**TASK DETAILS**
Output the listing word for word, minus pictures.

((

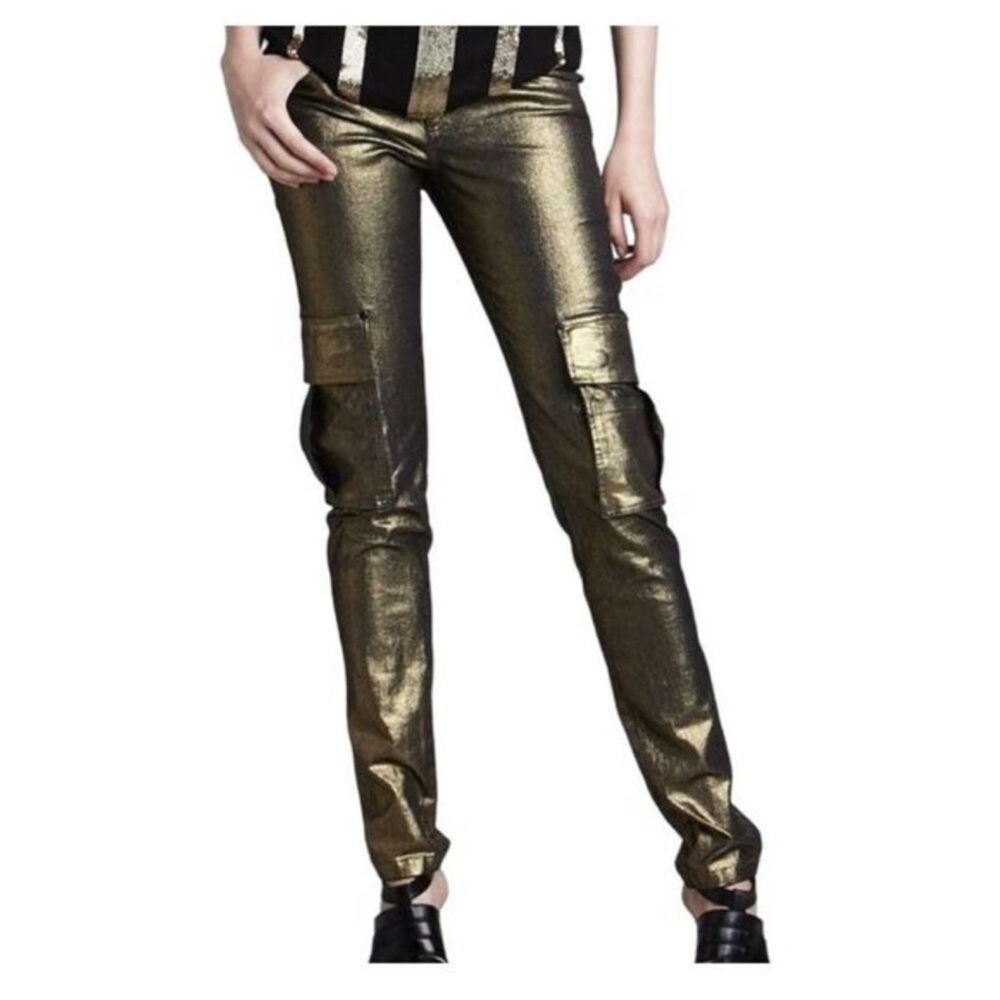 Alice + Olivia Cargo pants Gold Metallic Women Jeans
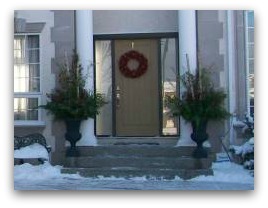 During the winter months and Christmas season, these planters are replaced with a more seasonal arrangement.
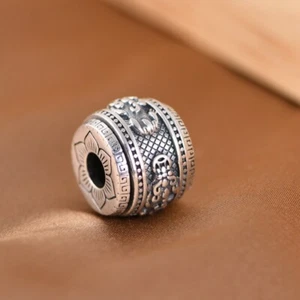 I05 Anhänger Rolle mit Blume und Pixiu Glücksdrache Feinsilber 999 - Bild 1 von 10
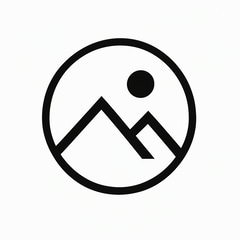 Minimal black mountain-and-sun emblem on a white background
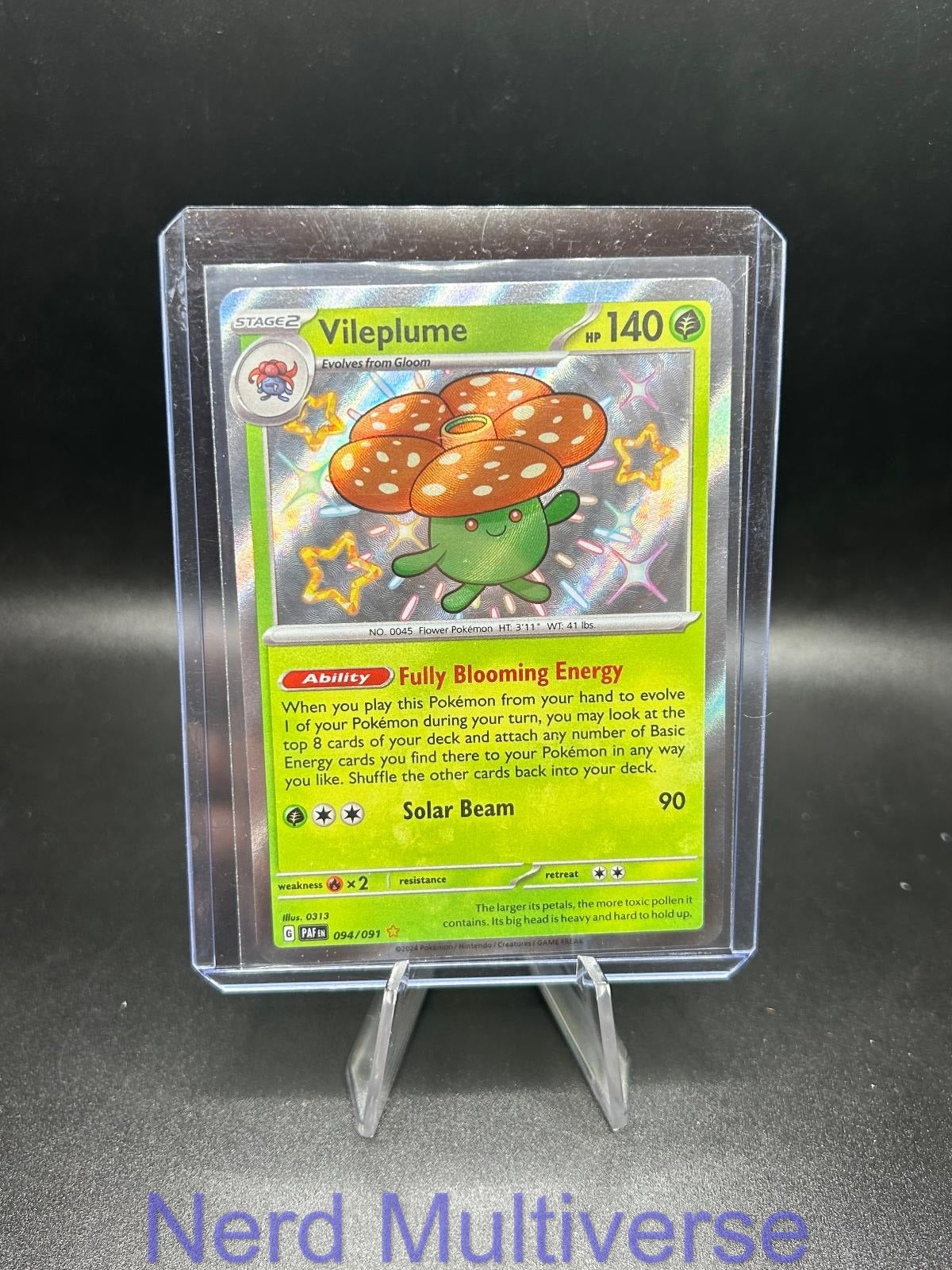 VILEPLUME 094/091 SHINY RARE PALDEAN FATES POKEMON HOLO NM/M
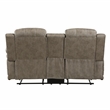 Pemberly Row Microfiber 2-Piece Manual Reclining Sofa Set in Sandy Brown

))

**FINISHED EXERCISE**
 Alice + Olivia Cargo pants Gold Metallic Women Jeans
 During the winter months and Christmas season, these planters are replaced with a more seasonal arrangement.
 I05 Anhänger Rolle mit Blume und Pixiu Glücksdrache Feinsilber 999 - Bild 1 von 10
 Minimal black mountain-and-sun emblem on a white background
 VILEPLUME 094/091 SHINY RARE PALDEAN FATES POKEMON HOLO NM/M
 Pemberly Row Microfiber 2-Piece Manual Reclining Sofa Set in Sandy Brown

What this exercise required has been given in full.